Maria Hernandez Madrid

Madrid

Updated Tuesday, April 2, 2024-02:16

Several weeks ago, residents of several neighborhoods in the city of Malaga began to paste a series of stickers with protests against tourist rentals, taking advantage of the symbolic label that distinguishes tourist apartments

with the initials AT

. The initiative arose from the call that Daniel Romero, a hotelier and resident also in the city, made on social networks after learning that his landlord would not renew the rent on his house to convert it into an apartment for visitors. The protest has even reached the British media, where many of these tourists come from, but it is just one more example of the impact of tourism on the housing market in Spain.

Although not the only one.

As is the case with rentals, the effect of visitors is also increasingly noticeable in the buying and selling market, especially in those areas and cities with the most traction. Tourism

is, in fact, one of the factors that prevents prices from falling in those places, or at least from falling at the same speed as they do in the rest of the country

.

This is reflected by the

Tinsa IMIE Local Markets statistic

for the first quarter of 2024, which indicates that the sector has entered a phase of slowdown and even stagnation in prices, except in tourist places, where valuations do not let up. "The statistics reflect that residential prices have remained close to stabilization in most areas, with more intense growth in municipalities with a greater tourist component and marked decelerations in employment hubs and their metropolitan areas," he says. the study published yesterday.

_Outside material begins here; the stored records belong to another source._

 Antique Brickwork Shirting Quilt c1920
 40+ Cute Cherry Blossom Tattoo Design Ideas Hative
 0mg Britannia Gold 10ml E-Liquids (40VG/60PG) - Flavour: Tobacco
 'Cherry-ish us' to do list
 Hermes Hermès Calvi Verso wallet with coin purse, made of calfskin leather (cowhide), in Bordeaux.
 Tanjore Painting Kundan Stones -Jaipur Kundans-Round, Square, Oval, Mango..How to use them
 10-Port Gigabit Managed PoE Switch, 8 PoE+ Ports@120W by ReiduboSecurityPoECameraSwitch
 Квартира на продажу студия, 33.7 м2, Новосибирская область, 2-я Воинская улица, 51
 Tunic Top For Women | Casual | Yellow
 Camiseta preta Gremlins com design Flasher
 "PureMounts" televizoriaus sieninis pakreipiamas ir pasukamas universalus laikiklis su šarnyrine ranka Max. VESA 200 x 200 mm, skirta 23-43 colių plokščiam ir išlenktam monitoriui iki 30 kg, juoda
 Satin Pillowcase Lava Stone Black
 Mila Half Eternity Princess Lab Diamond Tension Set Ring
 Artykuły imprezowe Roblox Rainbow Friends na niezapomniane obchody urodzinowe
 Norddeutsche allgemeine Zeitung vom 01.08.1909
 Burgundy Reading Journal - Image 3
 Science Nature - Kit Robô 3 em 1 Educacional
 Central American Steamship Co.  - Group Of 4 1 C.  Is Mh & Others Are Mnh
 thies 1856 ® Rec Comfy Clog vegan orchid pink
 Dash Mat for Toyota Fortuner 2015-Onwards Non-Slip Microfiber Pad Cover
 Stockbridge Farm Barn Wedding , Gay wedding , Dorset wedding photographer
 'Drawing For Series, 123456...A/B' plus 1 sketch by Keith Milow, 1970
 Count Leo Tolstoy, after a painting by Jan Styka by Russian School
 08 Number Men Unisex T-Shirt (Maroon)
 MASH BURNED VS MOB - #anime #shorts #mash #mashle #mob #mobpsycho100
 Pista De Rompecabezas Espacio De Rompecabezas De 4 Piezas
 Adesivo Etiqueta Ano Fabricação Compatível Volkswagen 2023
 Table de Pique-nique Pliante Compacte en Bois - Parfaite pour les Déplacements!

According to the company's appraisals, the average value of new and used housing in Spain is 3.3% higher than a year before, after increasing 0.1% in the last quarter. This is the lowest quarterly growth rate since the end of 2020 and compares with the variation of 4% observed in the last quarter of 2023, 5% in the third and 4.9% in the second quarter of 2023.

Against this downward dynamic, the data from the

Balearic Islands

contrast . If the majority of the CCAA are in a range of interannual price increases between 2% and 6%, in the case of the islands the increase was 8.3% in the first quarter of the year, more than one point above the Valencian Community, where tourism also explains the increase of 7.1%, and almost two points more than in Castilla-La Mancha, where the influence of Madrid is behind the increase of 6.7%. Other coastal cities with annual increases of more than 8% in the first quarter of the year were

Valencia, Almería and Santa Cruz de Tenerife

.

"This slower slowdown in tourist areas is consistent with a profile of second home buyers with greater purchasing power, whose purchasing decision has been less impacted by the context of high inflation and high interest rates," says

Cristina Arias

, director of the Tinsa Studies Service.

The case of the Balearic Islands

The case of the Balearic Islands is particular because it has become the greatest exponent of the effects of tourism on its residential market. On the one hand, this pressure expels or makes access difficult for many citizens of the archipelago; On the other hand, the lack of supply in the face of enormous demand prevents prices from relaxing, so that 15 years after the bursting of the real estate bubble in Spain, the Balearic

Islands

are still in their own

brick bubble

.

The average price of housing (2,922 euros per square meter) between January and March exceeded for the fourth consecutive quarter the maximum in its historical series reached in the third quarter of 2008 and is now 7.1% above that reference.

According to Tinsa appraisals, the Balearic Islands and Palma de Mallorca are the only Autonomous Community and capital with a price level higher than that of the real estate

boom

, 7.1% and 4.2% more, respectively. The city of Malaga is only 3.6% below its maximum reference, while the national average remains 18.2% below the 2007 highs.

The Balearic Islands is also the province in which its inhabitants have to make the most effort to pay for housing, with a rate that reaches 58.6% compared to the 30% recommended by experts and compared to 34.3%. of the national average.

Slowdown

For their part, the employment centers and their metropolitan areas consolidate the slowdown. In up to 34 provinces the variation in housing values ​​remained around 0% compared to the last quarter of 2023. The provinces of Madrid and Barcelona registered slight adjustments of -0.1% and -0.2%, respectively. , while the price in the cities of Madrid and Barcelona fell by 1.1% and 0.7%, respectively, in a quarterly rate.

In reference to this moderation, Cristina Arias highlights that "the employment centers reflect greater difficulty in accessing housing after the contraction of mortgage credit and the loss of household purchasing power accumulated since the pandemic."